● **TASK STATEMENT**:
After locating the line that contains "Salto de fe", output that line and each one following it, exactly, to the end of the entries. No pictures.
((
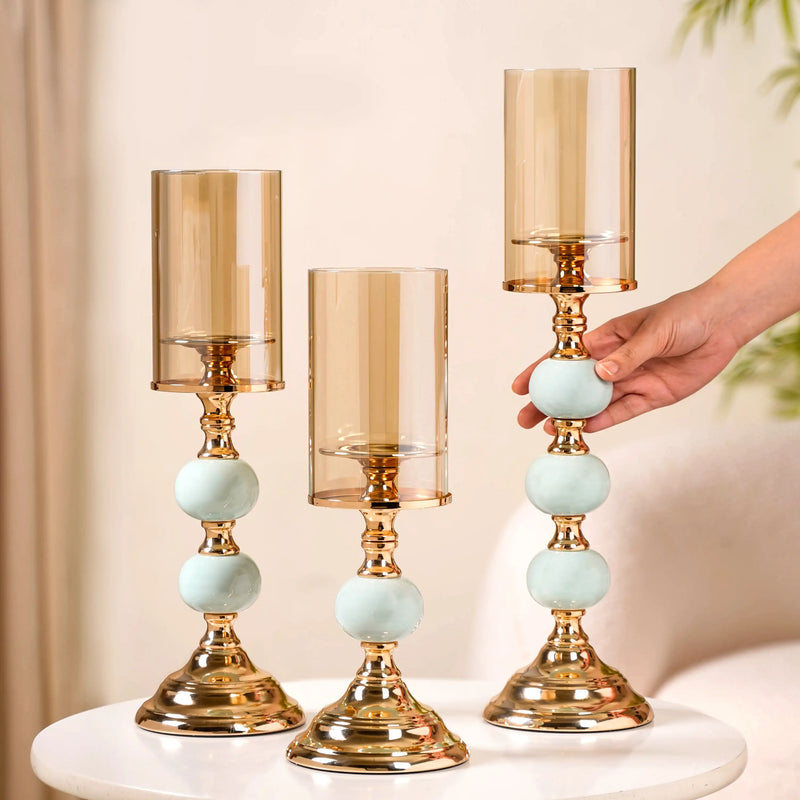 Decor Votive Candle Holder Set of 3- Decor Votive Holders, Set of 3 Candle Holders, Decorative Votive Holders, Votive Candle Set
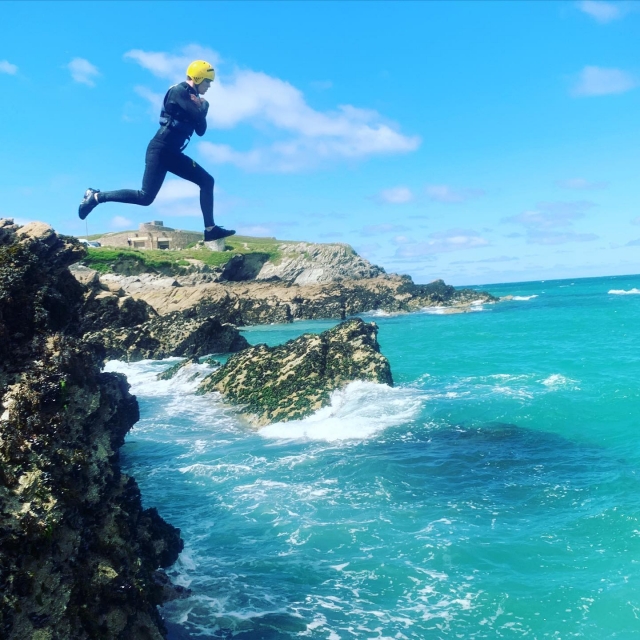 Salto de fe 
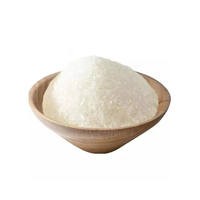 Sucre de canne raffiné brésilien de qualité supérieure ICUMSA 45, emballage en sachet/sac/bouteille, approvisionnement en vrac, 100% naturel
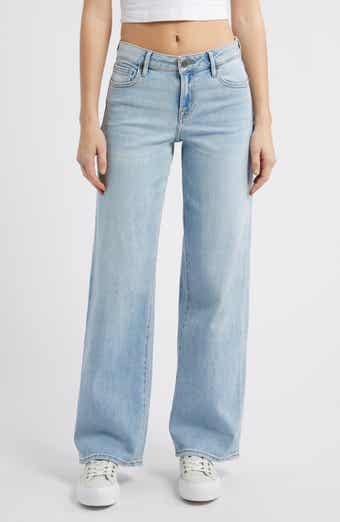 HIDDEN JEANS Mid Rise Wide Leg Jeans | Nordstrom HIDDEN JEANS Mid Rise Wide Leg Jeans | Nordstrom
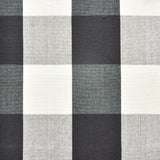 Square up - # 626 charcoal- Maxwell Fabric By The Yard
))
● **RESPONSE AREA**:
 Salto de fe 
 Sucre de canne raffiné brésilien de qualité supérieure ICUMSA 45, emballage en sachet/sac/bouteille, approvisionnement en vrac, 100% naturel
 HIDDEN JEANS Mid Rise Wide Leg Jeans | Nordstrom HIDDEN JEANS Mid Rise Wide Leg Jeans | Nordstrom
 Square up - # 626 charcoal- Maxwell Fabric By The Yard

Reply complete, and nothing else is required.